## [Problem]
Restate the entries below verbatim.

## [Entries taken from a collection]
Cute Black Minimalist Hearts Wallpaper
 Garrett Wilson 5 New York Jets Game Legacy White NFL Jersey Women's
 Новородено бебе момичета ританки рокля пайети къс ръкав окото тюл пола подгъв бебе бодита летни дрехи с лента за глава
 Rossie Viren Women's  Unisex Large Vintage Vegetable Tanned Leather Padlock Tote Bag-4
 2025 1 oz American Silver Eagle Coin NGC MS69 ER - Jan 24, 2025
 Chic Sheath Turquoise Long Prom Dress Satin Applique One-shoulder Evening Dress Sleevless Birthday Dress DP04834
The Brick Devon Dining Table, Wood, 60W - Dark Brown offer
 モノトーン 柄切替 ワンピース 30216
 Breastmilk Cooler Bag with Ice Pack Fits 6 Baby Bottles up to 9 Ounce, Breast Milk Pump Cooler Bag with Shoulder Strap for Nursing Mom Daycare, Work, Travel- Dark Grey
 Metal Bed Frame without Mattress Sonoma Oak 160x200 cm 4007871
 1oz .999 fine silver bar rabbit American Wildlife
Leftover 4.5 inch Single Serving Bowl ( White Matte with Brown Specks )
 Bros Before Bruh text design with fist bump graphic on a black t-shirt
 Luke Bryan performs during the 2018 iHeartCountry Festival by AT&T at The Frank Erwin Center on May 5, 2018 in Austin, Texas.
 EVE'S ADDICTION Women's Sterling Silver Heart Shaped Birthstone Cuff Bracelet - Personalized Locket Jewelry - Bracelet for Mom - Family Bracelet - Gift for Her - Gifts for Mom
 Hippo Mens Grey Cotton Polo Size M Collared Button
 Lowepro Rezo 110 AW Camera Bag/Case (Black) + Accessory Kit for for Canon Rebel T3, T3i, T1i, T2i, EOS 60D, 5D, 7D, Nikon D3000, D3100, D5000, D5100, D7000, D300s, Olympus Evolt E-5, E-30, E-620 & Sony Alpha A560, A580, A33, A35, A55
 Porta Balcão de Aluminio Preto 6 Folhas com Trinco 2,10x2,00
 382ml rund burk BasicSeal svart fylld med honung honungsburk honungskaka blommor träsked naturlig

## [Expected answer]
Cute Black Minimalist Hearts Wallpaper
 Garrett Wilson 5 New York Jets Game Legacy White NFL Jersey Women's
 Новородено бебе момичета ританки рокля пайети къс ръкав окото тюл пола подгъв бебе бодита летни дрехи с лента за глава
 Rossie Viren Women's  Unisex Large Vintage Vegetable Tanned Leather Padlock Tote Bag-4
 2025 1 oz American Silver Eagle Coin NGC MS69 ER - Jan 24, 2025
 Chic Sheath Turquoise Long Prom Dress Satin Applique One-shoulder Evening Dress Sleevless Birthday Dress DP04834
The Brick Devon Dining Table, Wood, 60W - Dark Brown offer
 モノトーン 柄切替 ワンピース 30216
 Breastmilk Cooler Bag with Ice Pack Fits 6 Baby Bottles up to 9 Ounce, Breast Milk Pump Cooler Bag with Shoulder Strap for Nursing Mom Daycare, Work, Travel- Dark Grey
 Metal Bed Frame without Mattress Sonoma Oak 160x200 cm 4007871
 1oz .999 fine silver bar rabbit American Wildlife
Leftover 4.5 inch Single Serving Bowl ( White Matte with Brown Specks )
 Bros Before Bruh text design with fist bump graphic on a black t-shirt
 Luke Bryan performs during the 2018 iHeartCountry Festival by AT&T at The Frank Erwin Center on May 5, 2018 in Austin, Texas.
 EVE'S ADDICTION Women's Sterling Silver Heart Shaped Birthstone Cuff Bracelet - Personalized Locket Jewelry - Bracelet for Mom - Family Bracelet - Gift for Her - Gifts for Mom
 Hippo Mens Grey Cotton Polo Size M Collared Button
 Lowepro Rezo 110 AW Camera Bag/Case (Black) + Accessory Kit for for Canon Rebel T3, T3i, T1i, T2i, EOS 60D, 5D, 7D, Nikon D3000, D3100, D5000, D5100, D7000, D300s, Olympus Evolt E-5, E-30, E-620 & Sony Alpha A560, A580, A33, A35, A55
 Porta Balcão de Aluminio Preto 6 Folhas com Trinco 2,10x2,00
 382ml rund burk BasicSeal svart fylld med honung honungsburk honungskaka blommor träsked naturlig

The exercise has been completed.